L’entrepreneuriat et le numérique, grâce à leur synergie à condition d’être porteuse d’une vision conscientisée, font qu’il est désormais tout à fait possible d’imaginer un monde où, bientôt, nous nous déplacerons sans pétrole (Langlois, P., 2008) [1] et où nous ferons usage d’énergies exclusivement propres et efficientes [2] 

Pour l’heure, nous sommes toutefois confrontés à des défis de grande ampleur, mais heureusement relevables. Il n’est pas trop tard. Nous disposons du savoir, de technologies innovantes [3] et de moyens financiers nettement suffisants pour entamer, maintenant, un ensemble de transformations favorables au rétablissement des équilibres essentiels de tout ordre (écologie, économie, société) pour sauver la diversité de la vie sur la planète, la nôtre incluse. 

PREMIER REGARD

Les scientifiques prévoyaient, il y a environ 35 ans et certains l’avaient anticipé encore plus tôt [4], que la température moyenne à l’échelle terrestre pourrait augmenter de 1,5°C à 2°C d’ici 2150. Puis, à partir de 1992 (Sommet de Rio), on estimait que la situation apocalyptique qui en découlerait surviendrait sans doute bien avant, soit dès 2100. Une publication (Radio-Canada : changement climatique [5]) du 7 octobre 2018 annonçait que le 1,5 °C serait finalement atteint aux environs de 2030 ou, au plus tard, vers 2040 ou 2050.  Les glaces de l’extrême Nord et Sud fondent plus rapidement que prévu. Le pergélisol dégèle à une vitesse grand V libérant du méthane en grande quantité, lequel accélère le réchauffement climatique. Les océans se réchauffent également et s’acidifient. Les forêts brûlent (souvent de manière incontrôlée) libérant des quantités considérables de CO2. Les catastrophes climatiques se multiplient [6], les espèces disparaissent à un rythme affolant, sans que la population s’en rende vraiment compte. Et, nous ne savons plus vraiment ce que nous mangeons [7].

ÉCONOMIE ET ENVIRONNEMENT

En parallèle, en l’espace de quelques années seulement, nous sommes entrés dans une ère économique de service. Un secteur d’activités économiques qui s’apprête déjà à se transformer radicalement pour laisser place à la 4e révolution industrielle, promettant un impact considérable sur nos vies. La robotisation, la sobotisation (software robots) et l’intelligence artificielle sont à nos portes – des milliers d’emplois disparaîtront. Pourtant, le secteur des services, davantage porteur d’une économie propre, devait diminuer la pression sur les ressources disponibles de tous genres. Ceci ne s’est pas avéré malgré le potentiel des modes entrepreneuriaux efficaces de recyclage et d’économies.  Bien au contraire, tout s’est accéléré. La magie attendue venant d’humains innovants et responsables, puis parfaitement conscients de l’urgence d’agir, « pour sauver le monde de la catastrophe qui attend ses enfants », n’est toujours pas au rendez-vous. Les ressources s’épuisent deux à trois fois plus rapidement que nous l’avions envisagé. Nous fonçons tout droit vers un profond précipice, un mur effroyable, vers l’effondrement des économies que prédisait, dès 1972, le rapport Meadow (Limits to growth) [8].

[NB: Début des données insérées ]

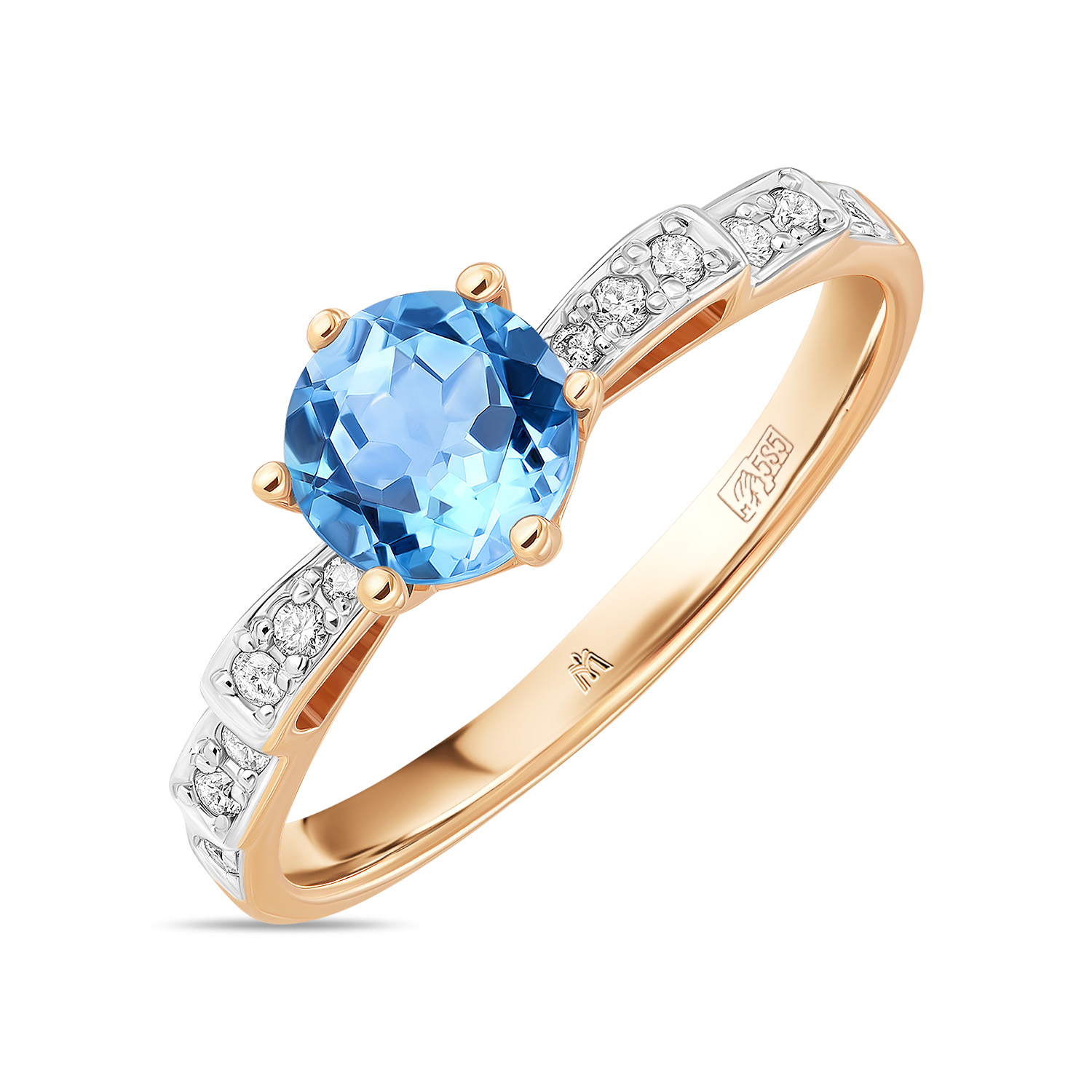 Золотое кольцо c топазом и бриллиантами, цвет белый - фото 1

Nous voilà devant des défis que n’a jamais connus l’humanité. Les experts vont jusqu’à annoncer que nous sommes entrés dans un processus terrifiant, celui d’une 6e extinction de masse de la biosphère [9].

Vivant dans un monde aux ressources limitées, une culture ENTREPRENEURIALE CONSCIENTE, RESPONSABLE, COMMUNAUTAIRE et de nature NUMÉRIQUE peut-elle changer le monde, sauver l’économie de nos régions et réhumaniser nos organisations?

Un fait indéniable : l’entrepreneuriat est le moteur de l’économie. Et, désormais, les technologies numériques sont un incontournable au succès entrepreneurial dans pratiquement toutes les entreprises, voire même dans tous les domaines de vie – social, culturel, politique, éducatif. Rien n’y échappe, le numérique a un impact majeur sur nos vies et met nos sociétés au défi, les poussant à se transformer.

La plus grande richesse d’une région (d’une province, d’un pays) est le potentiel entrepreneurial de ses citoyens [10] (Fortin, P.-A.) et la capacité qu’a chacun d’entre eux de faire surgir des innovations entrepreneuriales distribuables localement, régionalement et, selon les cas, à l’échelle provinciale, nationale et internationale. Il faut aussi considérer comme indispensable l’engagement de tout un chacun envers sa communauté. Ces facteurs placent chaque environnement humain (ex. : région, province) en urgence absolue : celle de convenir des meilleurs moyens pour éviter « la perte du potentiel humain » et ainsi  « mettre ce potentiel humain à profit ».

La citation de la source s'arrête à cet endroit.